La storia di Souleymane (Francia, 2024)
regia di Boris Lojkine
Il giovane protagonista di questo film proviene dalla Guinea Conakry e dopo tante difficoltà si trova in Francia come richiedente asilo: ha pochi giorni per preparare il colloquio che un amico africano gli imbastisce ordinandogli di impararlo a memoria; non lo fa gratis naturalmente, fa parte del suo lavoro di “sceneggiatore” per consentire agli immigrati di superare il test.

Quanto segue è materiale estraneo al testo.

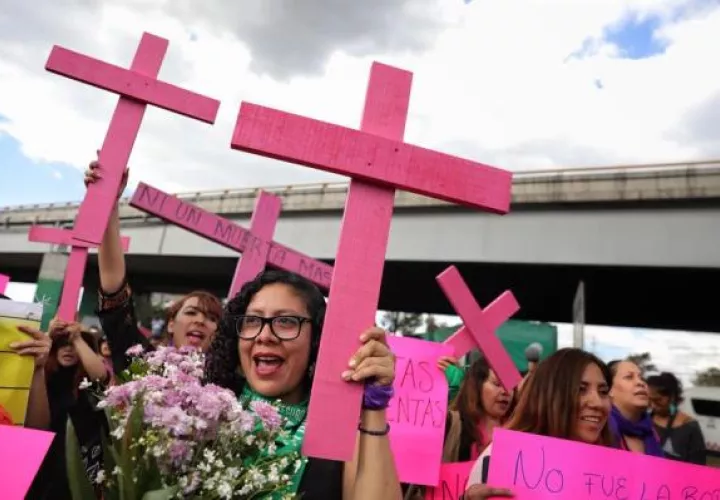Exigen justicia por violaciones. EFE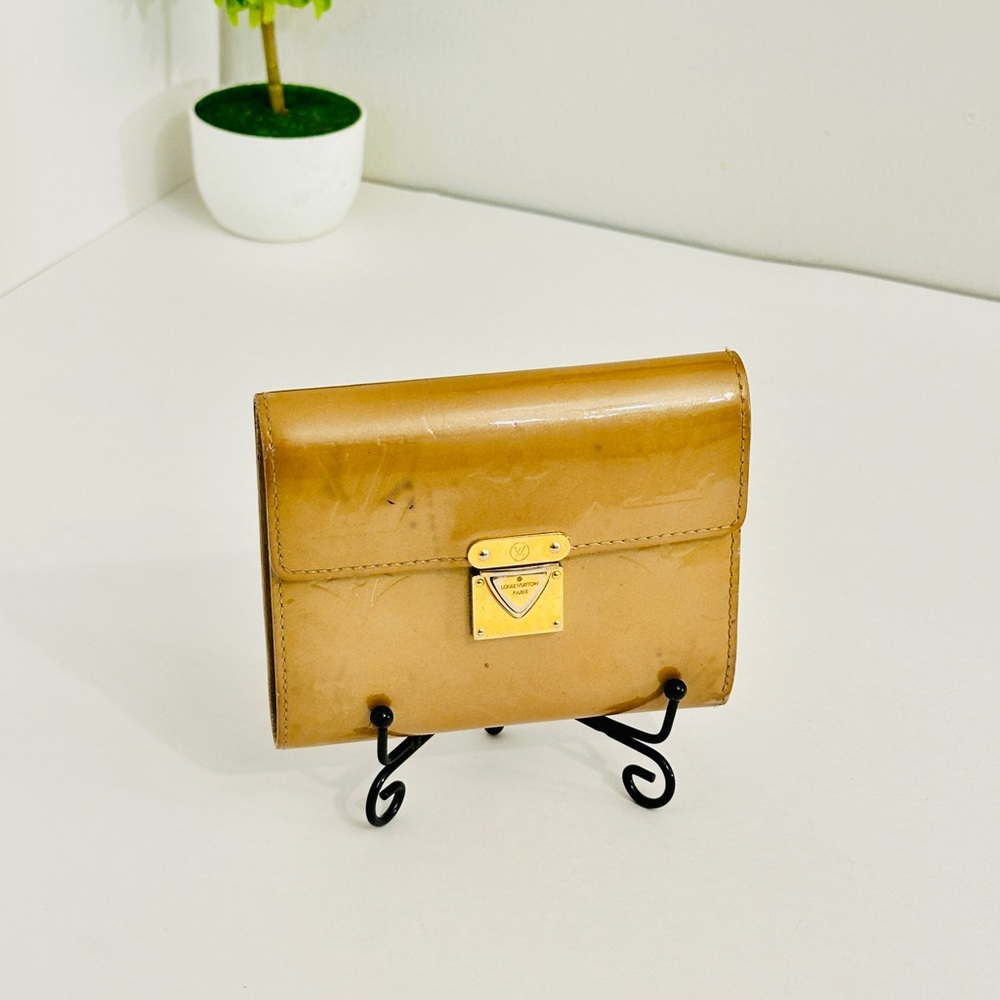 Louis Vuitton Tan patent Leather compact wallet - Picture 3 of 12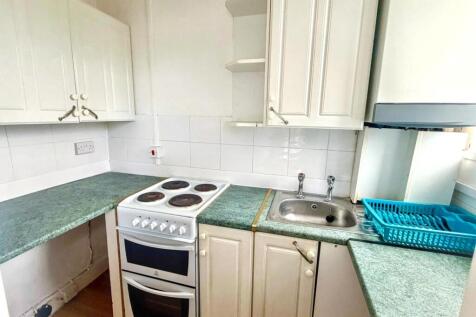 Old Golf Road, Rhyl, Denbighshire, LL18 photo 3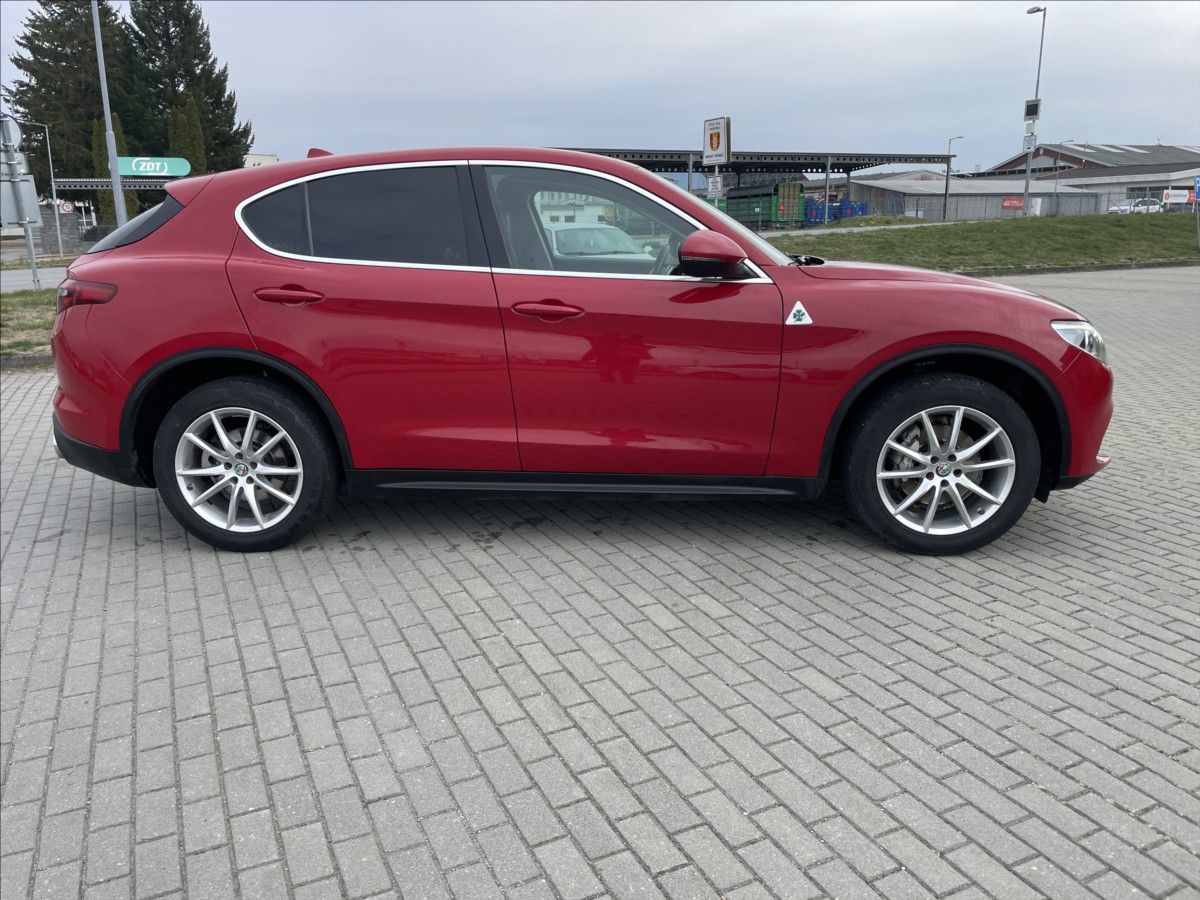 Alfa Romeo Stelvio, 2,0 Turbo 280k Q4 AT8 4x4 Tažn - fotka 5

Intanto per sbarcare il lunario, Souleymane fa il rider e lavora sotto l’identità di un amico che gli ha subaffittato l’account del cellulare; sempre attraverso il cellulare deve prenotare ogni sera il letto per dormire e presentarsi puntuale alla fermata del bus che lo accompagnerà all’ostello. Se un’odissea è stata arrivare fino in Francia, la pena continua, giorno dopo giorno, nei rapporti con gli altri migranti, con il datore di lavoro, i negozianti, con i funzionari che lo attendono per il colloquio; solo pochi gesti gentili rischiarano questo cielo plumbeo.
Questo film ha vinto il premio della giuria al festival di Cannes 2024, sezione Un certain regard e si è posto tra i candidati all’ European Film Awards. Il regista è Boris Lojkine, attore regista e sceneggiatore francese.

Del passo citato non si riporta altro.